Covariant Electrodynamics the Easy Way, Part I: Vector Triple Products in Minkowski Spacetime
In this post, I introduce covariant electrodynamics in the least painful way I know: by extending the vector triple product to Minkowski spacetime. The reader is assumed to have some familiarity with four-vectors and Euclidean vector calculus, but we won’t use any index gymnastics or explicit rank-2 tensors; just four-vectors. (In Part II we’ll use dyadics, which are like “tensors lite.”)

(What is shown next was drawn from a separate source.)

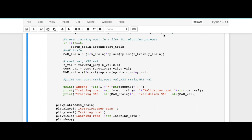Finally, we were able to implement the linear regression model from scratch in Python. Congratulations on our first machine learning algorithm! In the next video we are going to test this model on the very famous Boston House Price dataset. If you like this video, comment below and subscribe for more videos. Thank you.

I developed this approach myself, and I’ve found no other sources that employ it. If you’ve seen it elsewhere, please let me know (email address at the bottom of the page).
Mathematical Preliminaries
The “bac - cab” Rule
In three-dimensional Euclidean space, we have this lovely vector identity:
\[\mathbf a \times (\mathbf b \times \mathbf c) = \mathbf b (\mathbf a \cdot \mathbf c) - \mathbf c (\mathbf a \cdot \mathbf b) .\]The cross product \(\mathbf b \times \mathbf c\) is perpendicular to \(\mathbf b\) and \(\mathbf c\) and defined only in three dimensions (where an axis that’s orthogonal to a pair of vectors is unique). The vector triple product \(\mathbf a \times (\mathbf b \times \mathbf c)\), on the other hand, is a linear combination of \(\mathbf b\) and \(\mathbf c\), which is to say that it’s a vector that lies in the plane they span (its direction is given by the projection of \(\mathbf a\) onto that plane, rotated 90° in the \(\mathbf c\)-to-\(\mathbf b\) sense—see the illustration below from Wikipedia, but don’t let it mislead you into thinking that the vector’s magnitude is necessarily equal to that of \(\mathbf a\)’s projection onto the plane). So although the cross product is restricted to three-dimensional Euclidean space, there’s nothing stopping us from using the “bac - cab” combination in other contexts.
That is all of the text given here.